The whole video tribute thing feels a little far-fetched — surely this would require a prohibitive amount of money and effort — but it’s a convenient plot device that lets the story get on with the face analyzing.

This story is less of a thriller than a personality assessment exercise. There are few scenes that are truly tense or harrowing, although the story builds to its climax in typical mystery-novel fashion and doesn’t disappoint.

We don’t get much of the recently widowed Rachel’s personal life in this installment. There are a few scenes of her interacting with her young son and her mother, but Kahn seems to forgo deeper character development in favor of keeping the mystery plot moving. This makes for a quickly paced story but not much in the way of emotional connection.

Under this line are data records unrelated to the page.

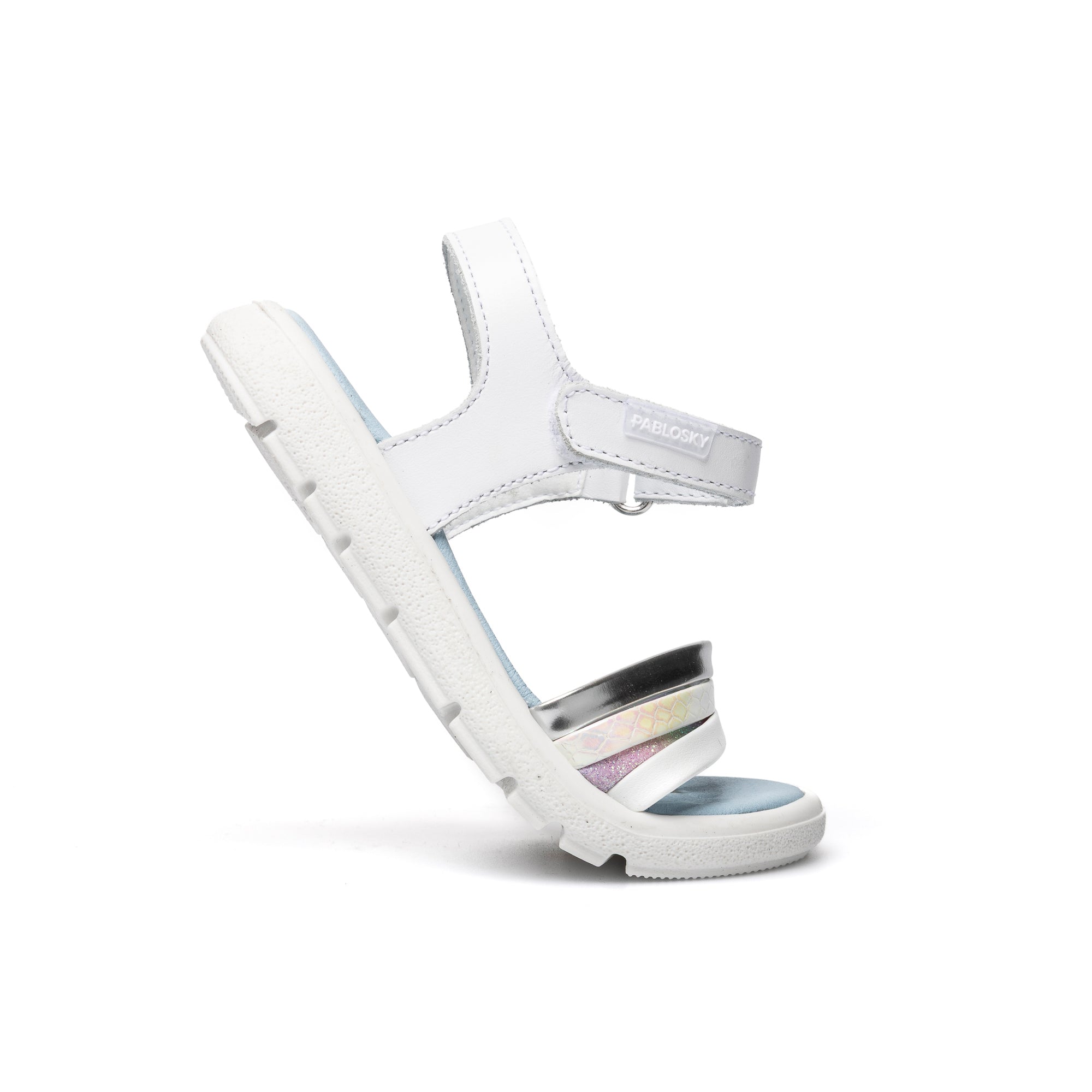 OLIMPO SANDAL
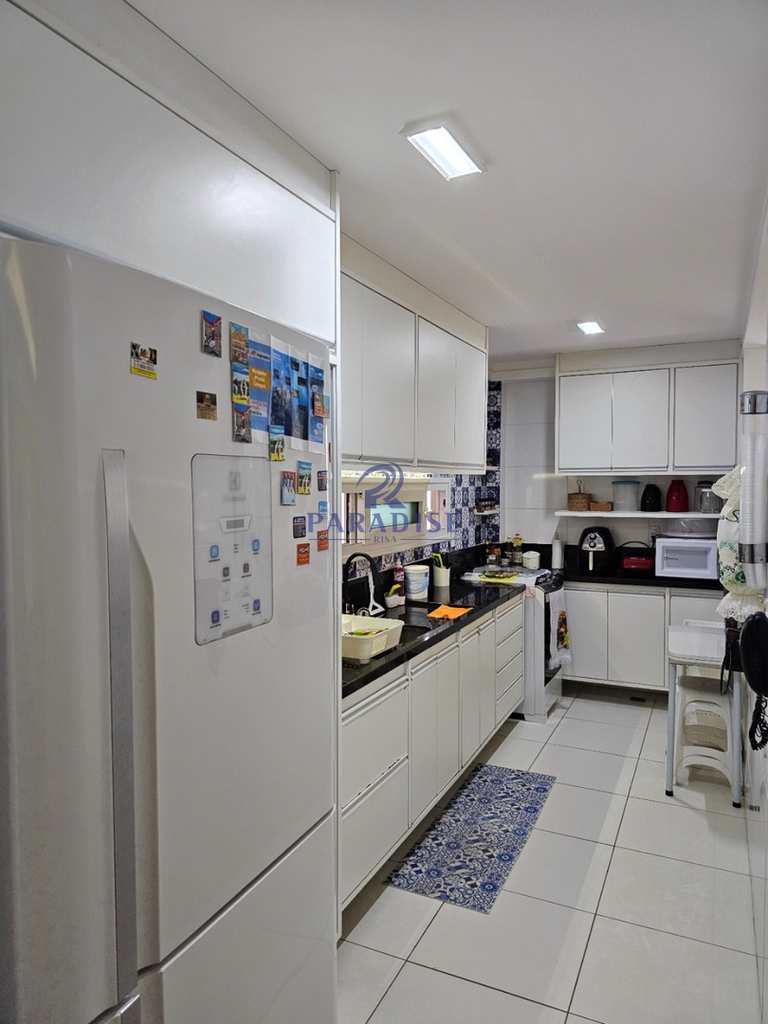 Casa em Camaçari, no bairro Itacimirim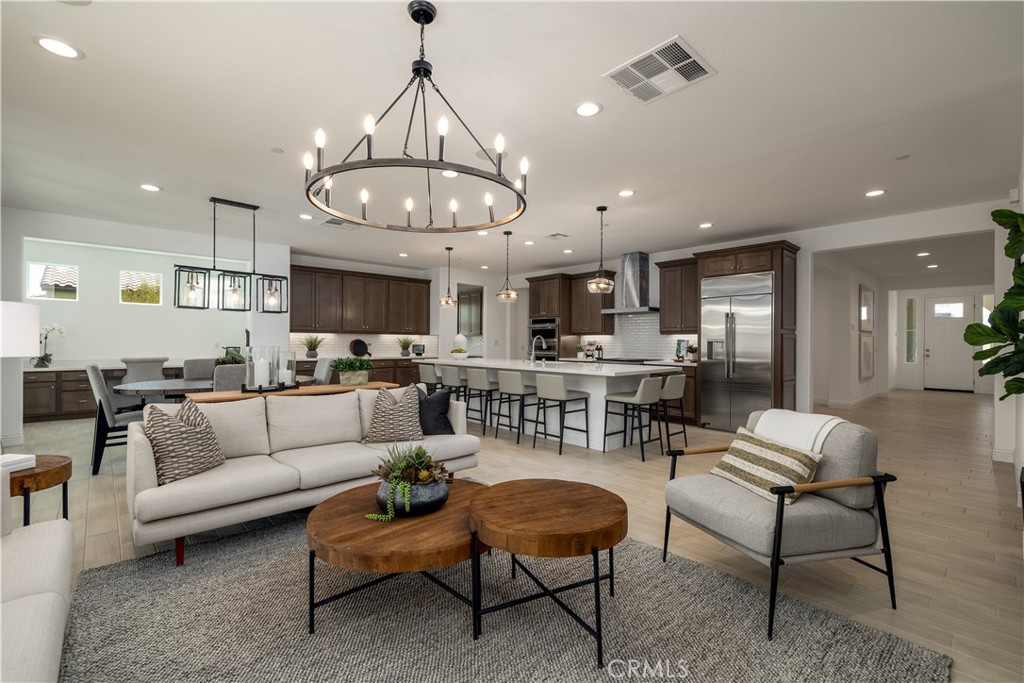 24405 Arroyo Drive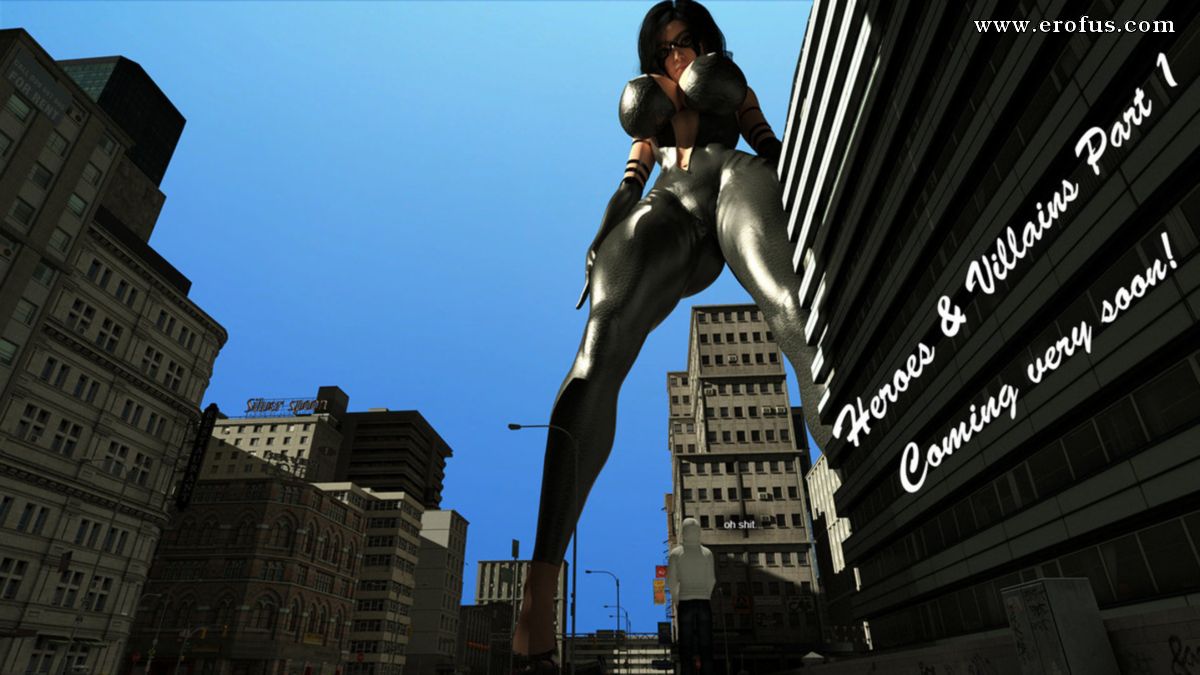 picture 08.png
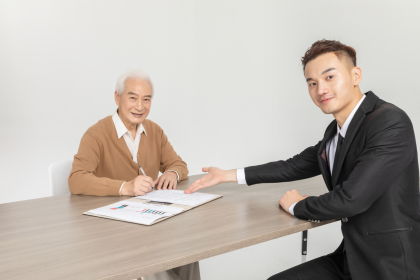 北京律师在线免费法律咨询 如何高效获取专业法律援助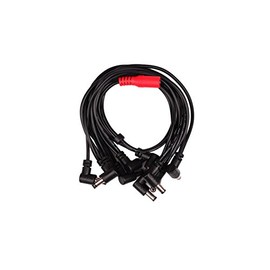 Mooer pdc-10 a Power Cable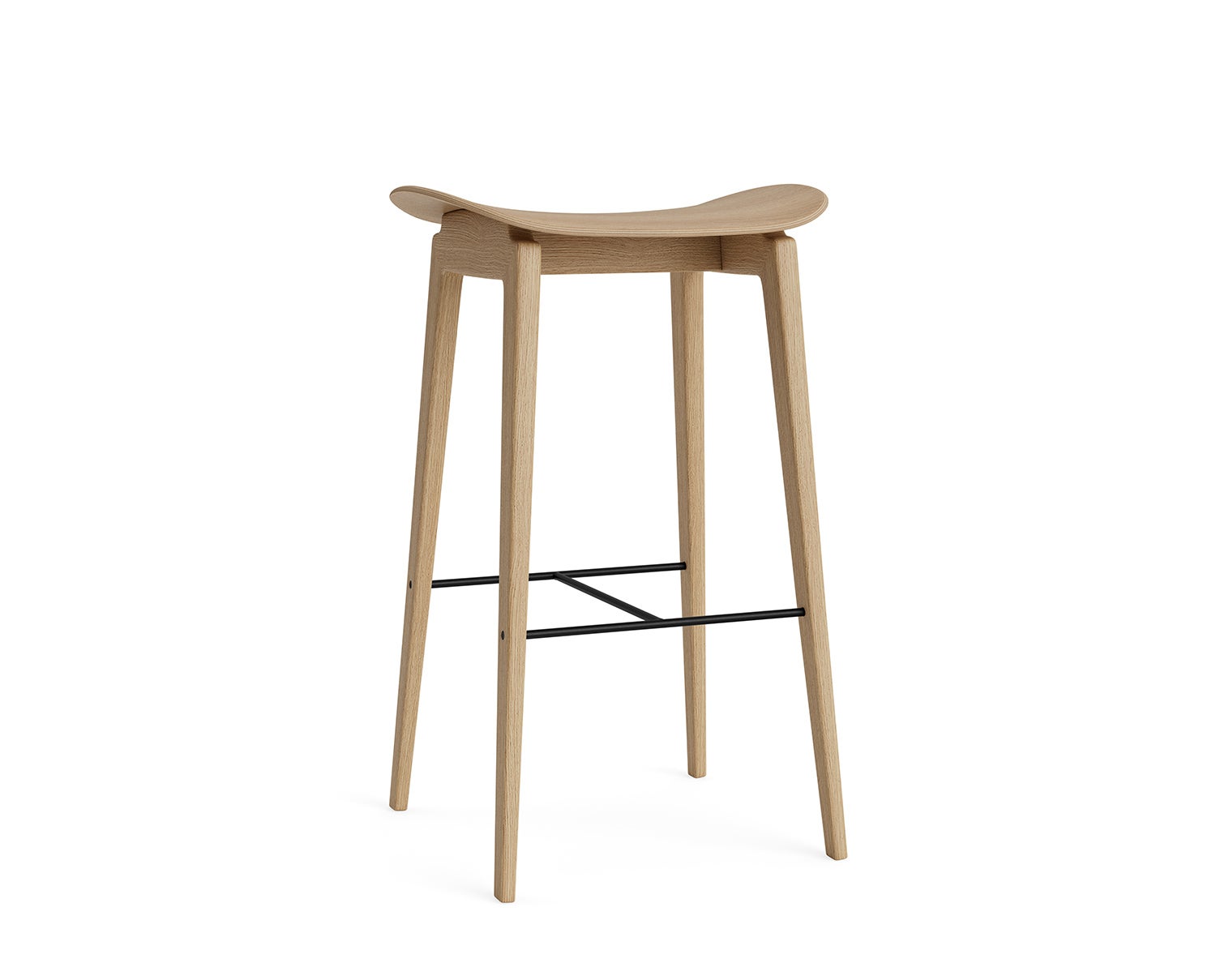 NORR11_NY11_Bar_Stool_LowOak_Natural,Off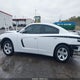 2C3CDXBG6EH108814 2014 Dodge Charger Se auction photo thumbnail 15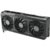 Видеокарта Asus PCI-E 5.0 PRIME-RX9070XT-O16G AMD Radeon RX 9070XT 16Gb 256bit GDDR6 2460/20000 HDMIx1 DPx3 HDCP Ret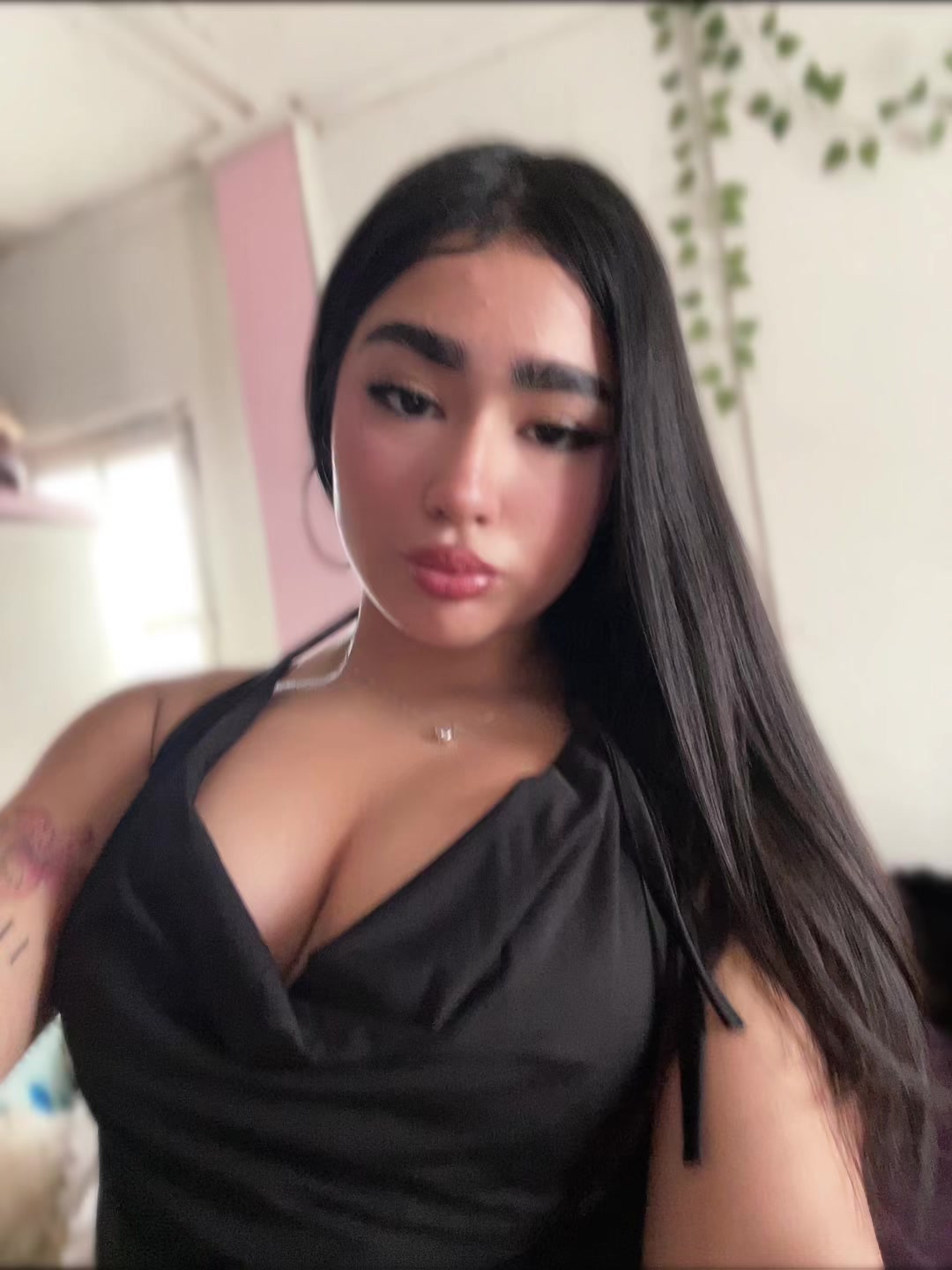 @𝓂𝒶𝓇𝓉𝒾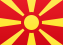 Nordmazedonien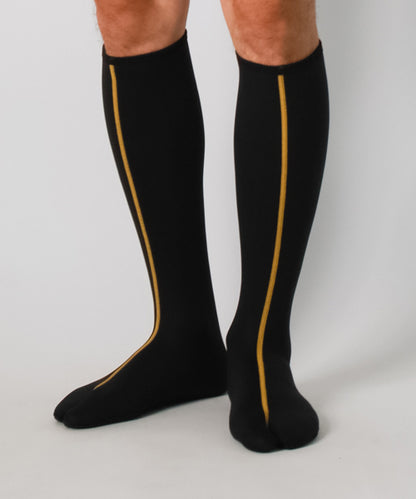 1mm Royal AGT210® INNER SOX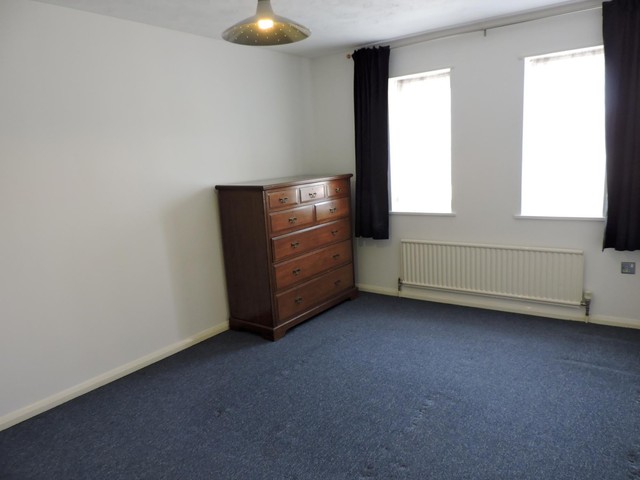  Image of 3 bedroom Detached house to rent in Newhaven Street Brighton BN2 at Brighton, BN2 9NR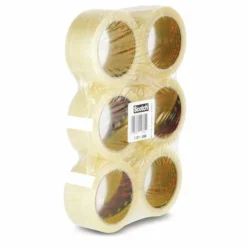 3M™ |Scotch® Adhesive Tape — Rolls -Deals Strokezy Store 3ME284A27CScotchC2AEAdhesiveTapeE28094rolls 3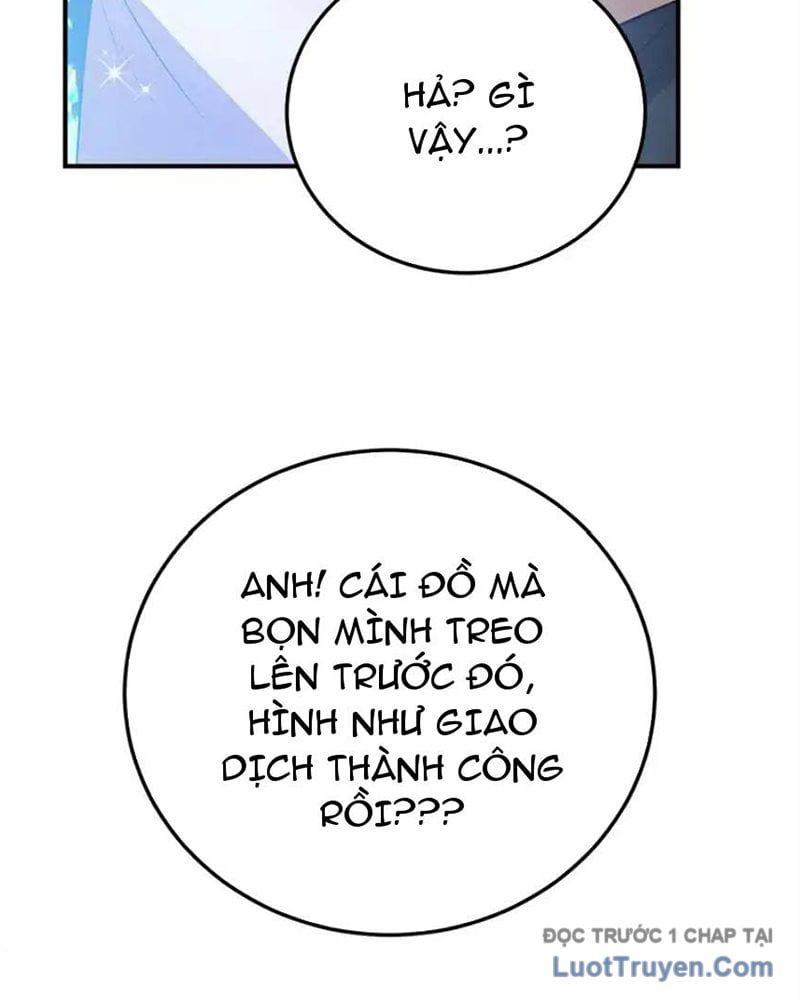 Tôi May Mắn Triệu Hồi Được Tinh Linh Hộ Vệ Hạng 10 Chapter 37 - Trang 2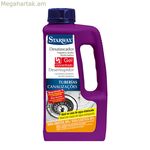 Պլանջեր Սթարվաքս 1 լ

Missourians, especially attorneys, should enjoy Kahn’s depictions of places and people, and anyone who’s spent time in St. Louis will appreciate the use of real-life settings — Washington University, Soldiers’ Memorial, the Women’s Exchange, and the Bellerive and St. Louis country clubs, to name just a few.

If you haven’t read Kahn’s previous novels, it’s not a problem to jump into the series at this point. There are references to previous happenings — for instance, Rachel and longtime pal Benny reminisce about the bizarre case of Graham Marshall, which longtime readers will remember from the first book in the series — but those slide into the current story without need of background knowledge.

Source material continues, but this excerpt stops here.